§ **Crawled caption data**
####################

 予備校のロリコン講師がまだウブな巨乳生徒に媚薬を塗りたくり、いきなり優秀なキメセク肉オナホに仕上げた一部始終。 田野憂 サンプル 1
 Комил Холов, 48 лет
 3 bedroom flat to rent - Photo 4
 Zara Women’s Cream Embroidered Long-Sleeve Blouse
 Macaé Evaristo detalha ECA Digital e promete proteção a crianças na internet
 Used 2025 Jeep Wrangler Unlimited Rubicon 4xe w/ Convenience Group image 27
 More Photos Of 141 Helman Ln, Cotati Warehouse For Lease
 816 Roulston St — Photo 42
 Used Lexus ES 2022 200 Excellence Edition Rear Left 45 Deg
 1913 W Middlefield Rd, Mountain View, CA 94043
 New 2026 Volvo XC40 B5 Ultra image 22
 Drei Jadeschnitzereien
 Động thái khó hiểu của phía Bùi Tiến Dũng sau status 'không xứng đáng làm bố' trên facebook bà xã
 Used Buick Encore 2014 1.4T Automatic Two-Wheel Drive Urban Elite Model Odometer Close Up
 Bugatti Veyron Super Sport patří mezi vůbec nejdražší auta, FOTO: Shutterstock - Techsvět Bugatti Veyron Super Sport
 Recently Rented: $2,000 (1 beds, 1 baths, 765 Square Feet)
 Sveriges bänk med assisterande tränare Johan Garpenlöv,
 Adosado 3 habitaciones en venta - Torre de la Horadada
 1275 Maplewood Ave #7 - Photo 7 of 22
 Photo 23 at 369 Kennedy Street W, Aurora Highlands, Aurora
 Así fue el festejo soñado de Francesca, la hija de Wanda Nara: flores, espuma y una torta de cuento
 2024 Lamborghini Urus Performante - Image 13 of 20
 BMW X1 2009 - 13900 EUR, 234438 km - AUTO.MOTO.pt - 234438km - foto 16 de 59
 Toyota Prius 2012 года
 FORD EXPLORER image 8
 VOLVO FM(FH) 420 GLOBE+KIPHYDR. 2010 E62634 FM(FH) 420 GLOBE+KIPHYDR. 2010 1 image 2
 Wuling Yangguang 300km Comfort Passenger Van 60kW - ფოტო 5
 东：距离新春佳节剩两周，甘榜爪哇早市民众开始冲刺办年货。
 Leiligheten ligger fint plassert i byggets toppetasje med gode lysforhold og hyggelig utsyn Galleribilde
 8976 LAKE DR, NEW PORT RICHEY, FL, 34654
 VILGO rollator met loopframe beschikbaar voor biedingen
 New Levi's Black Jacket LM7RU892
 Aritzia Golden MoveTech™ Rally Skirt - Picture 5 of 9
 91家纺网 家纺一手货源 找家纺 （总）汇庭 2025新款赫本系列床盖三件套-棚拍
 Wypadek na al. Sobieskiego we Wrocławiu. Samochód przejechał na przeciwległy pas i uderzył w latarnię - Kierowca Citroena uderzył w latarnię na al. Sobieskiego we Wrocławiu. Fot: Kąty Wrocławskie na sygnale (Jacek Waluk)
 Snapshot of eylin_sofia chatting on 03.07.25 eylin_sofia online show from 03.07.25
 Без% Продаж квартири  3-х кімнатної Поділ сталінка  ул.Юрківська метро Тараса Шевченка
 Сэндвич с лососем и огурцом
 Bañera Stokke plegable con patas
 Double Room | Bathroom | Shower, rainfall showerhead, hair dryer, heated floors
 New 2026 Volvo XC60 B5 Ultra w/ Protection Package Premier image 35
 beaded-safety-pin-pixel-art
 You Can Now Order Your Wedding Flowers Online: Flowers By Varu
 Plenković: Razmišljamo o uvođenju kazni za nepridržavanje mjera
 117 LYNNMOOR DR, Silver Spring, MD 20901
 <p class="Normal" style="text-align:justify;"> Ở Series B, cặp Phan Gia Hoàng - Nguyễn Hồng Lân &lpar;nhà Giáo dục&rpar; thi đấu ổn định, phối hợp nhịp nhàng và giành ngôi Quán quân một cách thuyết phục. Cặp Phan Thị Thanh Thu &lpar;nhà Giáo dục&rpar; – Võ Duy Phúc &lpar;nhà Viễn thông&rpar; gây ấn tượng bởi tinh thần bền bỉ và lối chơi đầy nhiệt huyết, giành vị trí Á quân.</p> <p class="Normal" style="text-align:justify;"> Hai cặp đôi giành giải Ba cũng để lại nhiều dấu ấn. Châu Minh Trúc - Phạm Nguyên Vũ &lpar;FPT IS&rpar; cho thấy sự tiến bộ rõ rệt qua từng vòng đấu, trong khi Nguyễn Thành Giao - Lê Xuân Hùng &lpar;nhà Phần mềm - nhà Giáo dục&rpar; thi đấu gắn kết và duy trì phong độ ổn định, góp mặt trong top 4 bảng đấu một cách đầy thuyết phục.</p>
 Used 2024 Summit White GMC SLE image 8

####################

§ **TO DO**
Each record above needs to be reproduced exactly as written.

§ **SOLUTION FOR THIS TASK**
 予備校のロリコン講師がまだウブな巨乳生徒に媚薬を塗りたくり、いきなり優秀なキメセク肉オナホに仕上げた一部始終。 田野憂 サンプル 1
 Комил Холов, 48 лет
 3 bedroom flat to rent - Photo 4
 Zara Women’s Cream Embroidered Long-Sleeve Blouse
 Macaé Evaristo detalha ECA Digital e promete proteção a crianças na internet
 Used 2025 Jeep Wrangler Unlimited Rubicon 4xe w/ Convenience Group image 27
 More Photos Of 141 Helman Ln, Cotati Warehouse For Lease
 816 Roulston St — Photo 42
 Used Lexus ES 2022 200 Excellence Edition Rear Left 45 Deg
 1913 W Middlefield Rd, Mountain View, CA 94043
 New 2026 Volvo XC40 B5 Ultra image 22
 Drei Jadeschnitzereien
 Động thái khó hiểu của phía Bùi Tiến Dũng sau status 'không xứng đáng làm bố' trên facebook bà xã
 Used Buick Encore 2014 1.4T Automatic Two-Wheel Drive Urban Elite Model Odometer Close Up
 Bugatti Veyron Super Sport patří mezi vůbec nejdražší auta, FOTO: Shutterstock - Techsvět Bugatti Veyron Super Sport
 Recently Rented: $2,000 (1 beds, 1 baths, 765 Square Feet)
 Sveriges bänk med assisterande tränare Johan Garpenlöv,
 Adosado 3 habitaciones en venta - Torre de la Horadada
 1275 Maplewood Ave #7 - Photo 7 of 22
 Photo 23 at 369 Kennedy Street W, Aurora Highlands, Aurora
 Así fue el festejo soñado de Francesca, la hija de Wanda Nara: flores, espuma y una torta de cuento
 2024 Lamborghini Urus Performante - Image 13 of 20
 BMW X1 2009 - 13900 EUR, 234438 km - AUTO.MOTO.pt - 234438km - foto 16 de 59
 Toyota Prius 2012 года
 FORD EXPLORER image 8
 VOLVO FM(FH) 420 GLOBE+KIPHYDR. 2010 E62634 FM(FH) 420 GLOBE+KIPHYDR. 2010 1 image 2
 Wuling Yangguang 300km Comfort Passenger Van 60kW - ფოტო 5
 东：距离新春佳节剩两周，甘榜爪哇早市民众开始冲刺办年货。
 Leiligheten ligger fint plassert i byggets toppetasje med gode lysforhold og hyggelig utsyn Galleribilde
 8976 LAKE DR, NEW PORT RICHEY, FL, 34654
 VILGO rollator met loopframe beschikbaar voor biedingen
 New Levi's Black Jacket LM7RU892
 Aritzia Golden MoveTech™ Rally Skirt - Picture 5 of 9
 91家纺网 家纺一手货源 找家纺 （总）汇庭 2025新款赫本系列床盖三件套-棚拍
 Wypadek na al. Sobieskiego we Wrocławiu. Samochód przejechał na przeciwległy pas i uderzył w latarnię - Kierowca Citroena uderzył w latarnię na al. Sobieskiego we Wrocławiu. Fot: Kąty Wrocławskie na sygnale (Jacek Waluk)
 Snapshot of eylin_sofia chatting on 03.07.25 eylin_sofia online show from 03.07.25
 Без% Продаж квартири  3-х кімнатної Поділ сталінка  ул.Юрківська метро Тараса Шевченка
 Сэндвич с лососем и огурцом
 Bañera Stokke plegable con patas
 Double Room | Bathroom | Shower, rainfall showerhead, hair dryer, heated floors
 New 2026 Volvo XC60 B5 Ultra w/ Protection Package Premier image 35
 beaded-safety-pin-pixel-art
 You Can Now Order Your Wedding Flowers Online: Flowers By Varu
 Plenković: Razmišljamo o uvođenju kazni za nepridržavanje mjera
 117 LYNNMOOR DR, Silver Spring, MD 20901
 <p class="Normal" style="text-align:justify;"> Ở Series B, cặp Phan Gia Hoàng - Nguyễn Hồng Lân &lpar;nhà Giáo dục&rpar; thi đấu ổn định, phối hợp nhịp nhàng và giành ngôi Quán quân một cách thuyết phục. Cặp Phan Thị Thanh Thu &lpar;nhà Giáo dục&rpar; – Võ Duy Phúc &lpar;nhà Viễn thông&rpar; gây ấn tượng bởi tinh thần bền bỉ và lối chơi đầy nhiệt huyết, giành vị trí Á quân.</p> <p class="Normal" style="text-align:justify;"> Hai cặp đôi giành giải Ba cũng để lại nhiều dấu ấn. Châu Minh Trúc - Phạm Nguyên Vũ &lpar;FPT IS&rpar; cho thấy sự tiến bộ rõ rệt qua từng vòng đấu, trong khi Nguyễn Thành Giao - Lê Xuân Hùng &lpar;nhà Phần mềm - nhà Giáo dục&rpar; thi đấu gắn kết và duy trì phong độ ổn định, góp mặt trong top 4 bảng đấu một cách đầy thuyết phục.</p>
 Used 2024 Summit White GMC SLE image 8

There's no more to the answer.